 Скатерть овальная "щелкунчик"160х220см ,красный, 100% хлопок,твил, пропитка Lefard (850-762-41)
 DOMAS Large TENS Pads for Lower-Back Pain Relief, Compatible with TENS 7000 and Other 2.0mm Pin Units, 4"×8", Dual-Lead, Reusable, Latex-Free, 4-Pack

* * *

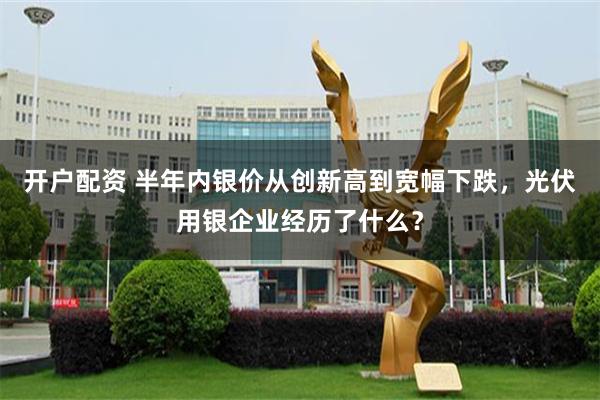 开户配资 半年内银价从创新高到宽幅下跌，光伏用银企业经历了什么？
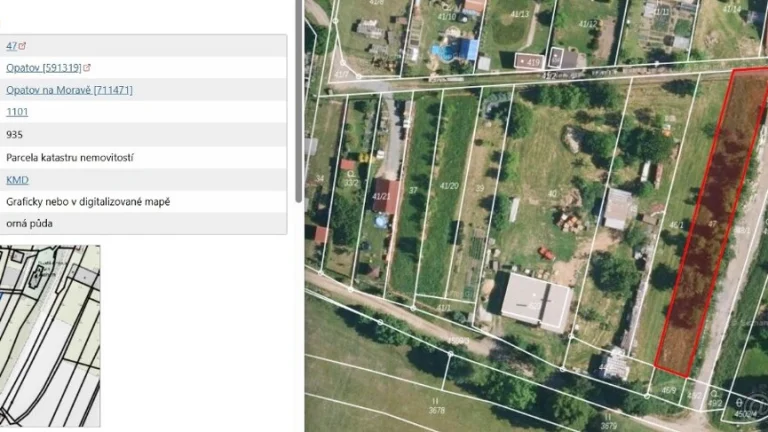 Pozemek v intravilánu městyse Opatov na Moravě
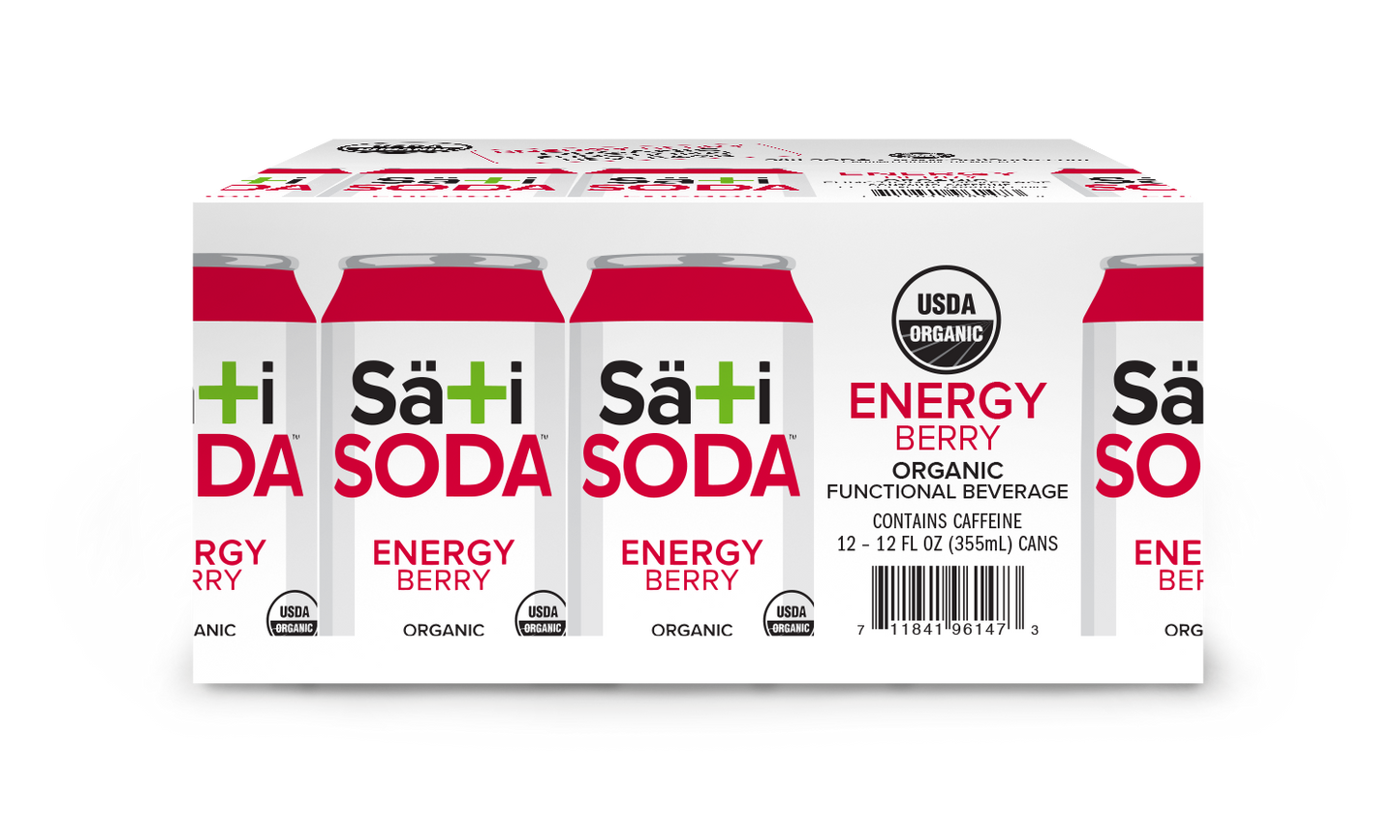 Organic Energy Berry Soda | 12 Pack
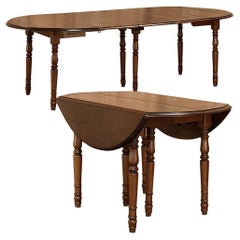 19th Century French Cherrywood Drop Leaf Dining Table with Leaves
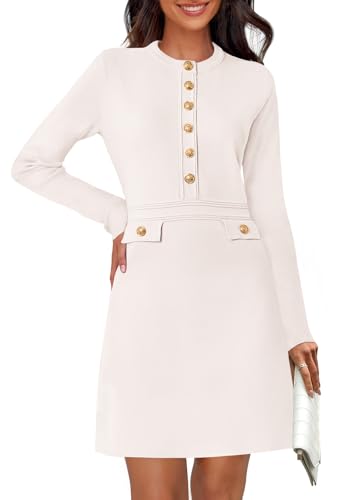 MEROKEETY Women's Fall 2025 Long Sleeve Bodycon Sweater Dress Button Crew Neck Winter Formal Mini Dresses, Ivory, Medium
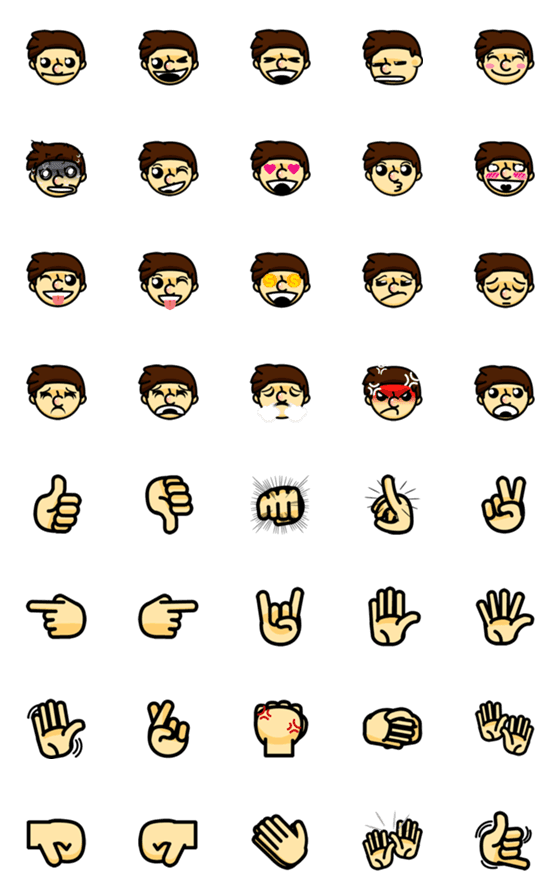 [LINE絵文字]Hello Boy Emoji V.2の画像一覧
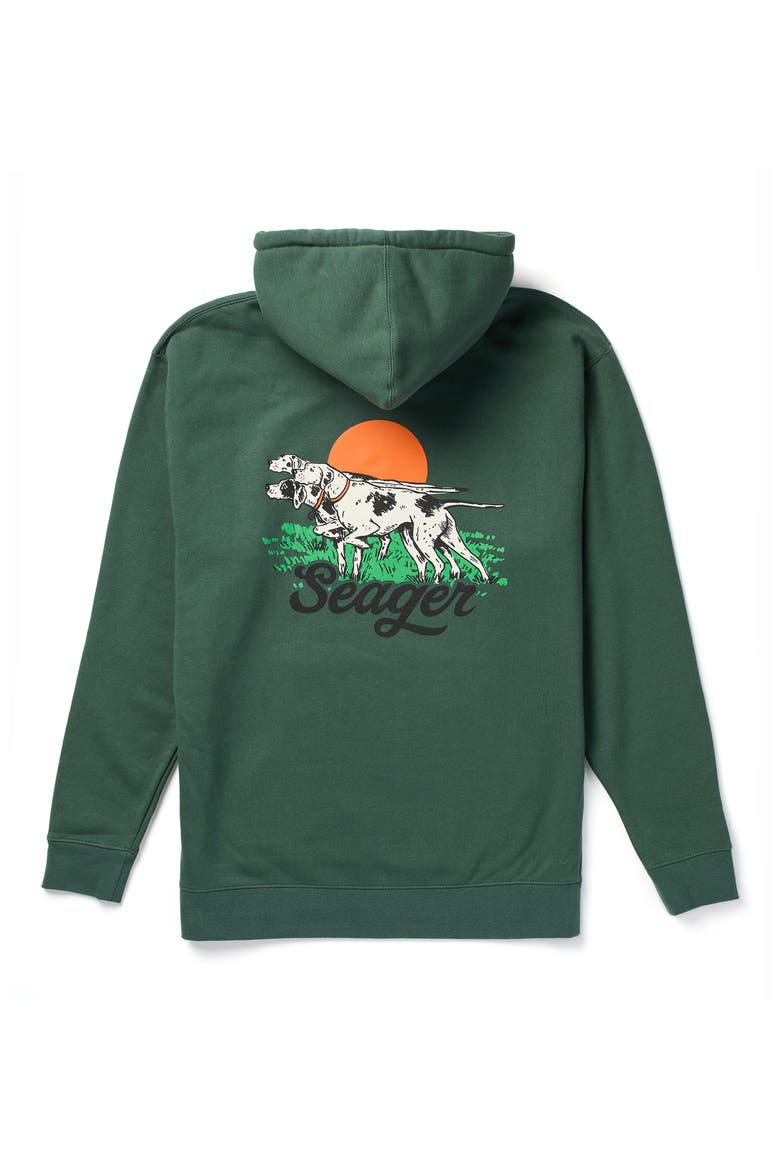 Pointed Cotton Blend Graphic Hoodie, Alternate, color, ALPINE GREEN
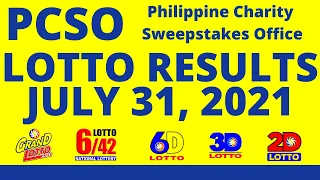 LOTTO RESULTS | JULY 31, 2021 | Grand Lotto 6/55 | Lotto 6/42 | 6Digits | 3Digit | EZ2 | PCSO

#### Problem to solve
Copy back exactly the lines above from the one containing "MEROKEETY Women's Fall" through the one containing "LOTTO RESULTS |", and leave every picture behind.

#### Exercise result
 MEROKEETY Women's Fall 2025 Long Sleeve Bodycon Sweater Dress Button Crew Neck Winter Formal Mini Dresses, Ivory, Medium
 [LINE絵文字]Hello Boy Emoji V.2の画像一覧
 Pointed Cotton Blend Graphic Hoodie, Alternate, color, ALPINE GREEN
 LOTTO RESULTS | JULY 31, 2021 | Grand Lotto 6/55 | Lotto 6/42 | 6Digits | 3Digit | EZ2 | PCSO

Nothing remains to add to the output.